Here are some key points to keep in mind while handling signals:

• Signals are used to notify an event to a process.

• The default behaviour of most signals can be overriden to explicitely ignore them or to use a custom signal handler (set with sigaction()). However, some can't be caught (e.g. SIGKILL).

• Signals can be blocked using a signal mask and pthread_sigmask(). Signal masks are per thread (while signal handlers are per process), and inherited upon thread creation. sigwait() can be used to detect and consume pending (blocked) signals.

• A signal is only delivered to one thread. A signal can be directed to a specific thread (for example, using pthread_kill()), in which case it is delivered to it. Else: if all threads block it, the signal is pending, else the signal is arbitrarily delivered to one of the threads that don't block it

• There are two types of signals: synchronous ones (resulting of a program action, e.g. SIGSEGV) and asynchronous ones (independent of the program, e.g. SIGINT or SIGKILL). A synchronous signal is always directed to the thread that generated it.

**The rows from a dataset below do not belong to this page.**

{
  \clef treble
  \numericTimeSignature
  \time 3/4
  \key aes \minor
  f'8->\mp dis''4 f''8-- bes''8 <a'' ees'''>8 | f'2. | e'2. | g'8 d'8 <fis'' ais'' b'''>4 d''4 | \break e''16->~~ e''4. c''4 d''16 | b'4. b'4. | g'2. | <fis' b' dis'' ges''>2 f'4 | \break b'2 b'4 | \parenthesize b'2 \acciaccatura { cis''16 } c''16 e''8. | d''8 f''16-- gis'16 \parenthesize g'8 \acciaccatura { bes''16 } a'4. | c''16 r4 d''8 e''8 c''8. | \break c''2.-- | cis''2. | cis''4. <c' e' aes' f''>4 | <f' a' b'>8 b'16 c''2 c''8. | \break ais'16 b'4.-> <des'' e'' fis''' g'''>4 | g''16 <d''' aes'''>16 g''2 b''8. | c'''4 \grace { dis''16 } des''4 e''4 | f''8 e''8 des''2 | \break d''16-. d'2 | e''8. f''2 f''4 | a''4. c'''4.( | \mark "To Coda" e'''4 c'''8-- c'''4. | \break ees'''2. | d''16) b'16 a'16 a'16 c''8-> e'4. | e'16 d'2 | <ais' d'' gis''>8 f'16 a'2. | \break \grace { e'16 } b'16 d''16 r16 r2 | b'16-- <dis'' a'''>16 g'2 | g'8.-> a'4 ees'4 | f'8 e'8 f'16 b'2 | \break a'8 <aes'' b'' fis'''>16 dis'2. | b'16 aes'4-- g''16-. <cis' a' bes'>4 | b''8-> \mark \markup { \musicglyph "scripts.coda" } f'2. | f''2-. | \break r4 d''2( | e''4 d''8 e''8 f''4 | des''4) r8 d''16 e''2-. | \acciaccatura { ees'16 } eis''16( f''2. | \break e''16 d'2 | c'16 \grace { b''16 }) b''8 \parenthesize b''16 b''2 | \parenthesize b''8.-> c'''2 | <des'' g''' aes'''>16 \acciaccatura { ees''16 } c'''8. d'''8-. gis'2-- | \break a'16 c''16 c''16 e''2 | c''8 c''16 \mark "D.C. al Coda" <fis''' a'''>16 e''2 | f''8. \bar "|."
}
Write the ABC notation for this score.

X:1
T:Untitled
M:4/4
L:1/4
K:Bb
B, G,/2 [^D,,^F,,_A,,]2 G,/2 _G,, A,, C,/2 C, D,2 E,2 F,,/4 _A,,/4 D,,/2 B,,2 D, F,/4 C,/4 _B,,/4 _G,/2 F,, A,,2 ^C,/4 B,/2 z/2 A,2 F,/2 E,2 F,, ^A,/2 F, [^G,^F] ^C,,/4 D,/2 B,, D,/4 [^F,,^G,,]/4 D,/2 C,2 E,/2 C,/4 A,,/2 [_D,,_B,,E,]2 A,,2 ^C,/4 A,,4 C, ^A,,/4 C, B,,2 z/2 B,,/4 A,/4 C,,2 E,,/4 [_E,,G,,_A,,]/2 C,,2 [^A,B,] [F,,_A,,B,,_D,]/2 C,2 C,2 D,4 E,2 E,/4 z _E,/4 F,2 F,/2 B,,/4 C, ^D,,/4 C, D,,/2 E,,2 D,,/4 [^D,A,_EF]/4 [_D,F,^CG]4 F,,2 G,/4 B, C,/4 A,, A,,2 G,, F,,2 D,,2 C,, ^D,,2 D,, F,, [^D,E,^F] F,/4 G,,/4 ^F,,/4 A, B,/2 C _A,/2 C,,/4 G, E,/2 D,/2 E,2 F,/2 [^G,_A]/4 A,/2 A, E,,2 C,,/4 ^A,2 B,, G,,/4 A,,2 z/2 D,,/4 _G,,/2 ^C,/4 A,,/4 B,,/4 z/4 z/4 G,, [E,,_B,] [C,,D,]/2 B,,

Asynchronous signals can occur at any time, including when a thread locked ressources needed by a potential signal handler. If ever the signal is delivered to that very thread, it creates a deadlock. For this reason, asynchronous signal handling should be done in a dedicated thread.

One way to make sure all asynchronous signals are delivered to the signal handling thread is to block them all at program startup (before any thread creation, so that all threads inherit the signal mask), and to process them using sigwait() in the signal handling routine.

Using this approach, I overriden SIGINT behaviour: grid first tries to cleanup the ressources before exiting. The second SIGINT signal forces the termination.

For synchronous signals, both signal handlers and sigwait() approaches can work.